Kierkegaard - l'homme, le masque, le philosophe

 

S'il devait y avoir une philosophie qui englobe et résume le tout, ce serait celle-ci. Sacrée et profane. Infiniment individuelle et par conséquent, universelle. C'est la philosophie faite récit. Ou la vie philosophiquement vécue. Dans son excellente étude Kierkegaard, Georges Gusdorf ouvre une porte sur ce penseur humaniste, paradoxal, singulier, vibrant. Sa vie est son œuvre - en cela Kierkegaard est l'authentique père de l'existentialisme.


Le septième enfant


L'ange du bizarre l'aurait-il marqué de son sceau? Cet enfant né d'un père vieux et coupable d'avoir péché contre l'espérance en maudissant Dieu pour sa pauvreté, s'appelle Sören Aabye Kierkegaard. Que la prospérité ait été donnée ensuite au père, ce dernier l'entendit comme une aggravation de sa faute annonçant un retour sanglant du sort, qui finit par advenir : cinq des sept enfants Kierkegaard moururent prématurément. En réponse, le père se dédia à une vie retirée, marquée par le sceau du religieux. Il tourna en signe de repentir son regard vers son septième frêle et chétif enfant - Sören - qu'il forma au Christianisme, offrande en sacrifice à Dieu, tel Abraham avec Isaac. Victime expiatoire de la faute du père, Sören accepte ce destin. Et le destin le met à part.


La Révélation


La Révélation de la foi et de la parole de Dieu, Kierkegaard l'a eue: "La meilleure preuve de l'immortalité de l'âme, de la réalité de Dieu est proprement l'impression que l'on reçoit de ces questions dans son enfance (...). C'est parfaitement sûr, car mon père me l'a dit." écrit-il dans son Journal. De par l'autorité immuable du père, Kierkegaard ne pourra jamais douter de Dieu ou du Christ, qu'il ne cherchera jamais à démontrer ou à justifier. C'est son indiscutable point de départ. Mais limiter Kierkegaard au statut d'un homme pieux devenu philosophe d'un système, serait liquider ce qui constitue toute sa singularité, son unicité, sa bizarrerie, sa fantaisie d'enfant idéaliste et bon. Sören, un enfant joyeux, joueur et sage est comme marqué, muni à son cou d'une clé inestimable. Cette clé, la foi, est le pivot autour duquel l'enfant aiguise son regard, son apprentissage. La clé rappelle à Sören la responsabilité qu'on lui donne.

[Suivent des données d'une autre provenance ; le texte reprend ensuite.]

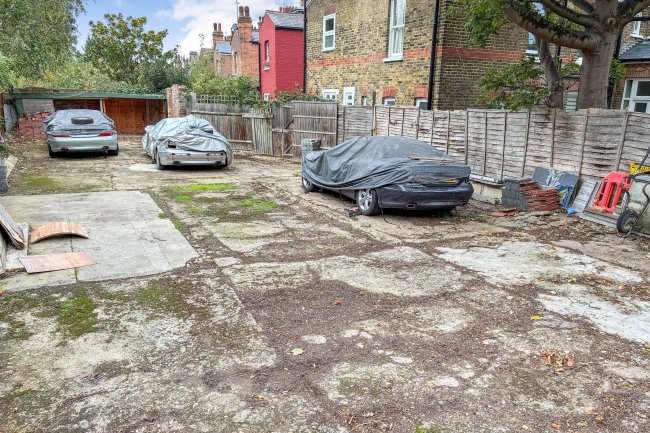 20 Hoveden Road, Cricklewood, London NW2 3XD 7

La clé est destinée à ouvrir, mais Sören ne sait encore quoi. 


Les masques


Poursuivant des études de théologie à Copenhague, ce ne fut qu'à titre de culture générale, d'apprentissage purement intellectuel que Sören s'immergea dans l'apprentissage du divin, sans pour autant se destiner à une carrière ecclésiastique. Ce fut l'époque aussi où Sören commença à jouir de la vie comme d'une illustre scène, en véritable esthète dandy, persifleur, romantique, plein de verve. Et le goût pour la fantaisie, la plaisanterie, la dérision, l'imitation - pas sans annoncer les rôles qu'il jouera à travers son œuvre à venir. Car “Un seul homme ne peut pas dire toute la vérité et chaque attitude humaine a sa vérité."

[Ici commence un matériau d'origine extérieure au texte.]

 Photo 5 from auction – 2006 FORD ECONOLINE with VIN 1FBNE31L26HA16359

Kierkegaard est le nom qui englobe une myriade de noms - ces pseudonymes sous lesquels il signe ses oeuvres littéraires et philosophiques : Victor Eremita, Johannes de Silentio, Vigilius Haufniensis, Hilarius le Relieur, Johannes Climacus, Anticlimacus, Constantin Constantius. Et Sören les incarne tous, sans exception, malgré ou en vertu des paradoxes que ces noms nourrissent dans leur cohabitation. "A travers ces mirages et fantasmes, comme autant d'essais et d'erreurs, la personnalité se rêve elle-même sous des entités d'emprunt." 

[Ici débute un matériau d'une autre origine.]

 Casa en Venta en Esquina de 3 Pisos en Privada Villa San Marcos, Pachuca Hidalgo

La mélancolie du clown shakespearien demeure, signe du malaise intime de la profonde dislocation de l'être. L'identité reste un mystère, mais ne se le doit-elle pas ! Pour autant, l'œuvre entière sera dédiée à un enracinement. A défaut de trouver la réponse en soi, l'enracinement se fera vers le haut et par le haut, dans la révélation de la foi eue pendant l'enfance. Révélation qui imposera le sacrifice de ce qu'il y a de plus humain : l'amour, la promesse de s'unir avec l'aimée.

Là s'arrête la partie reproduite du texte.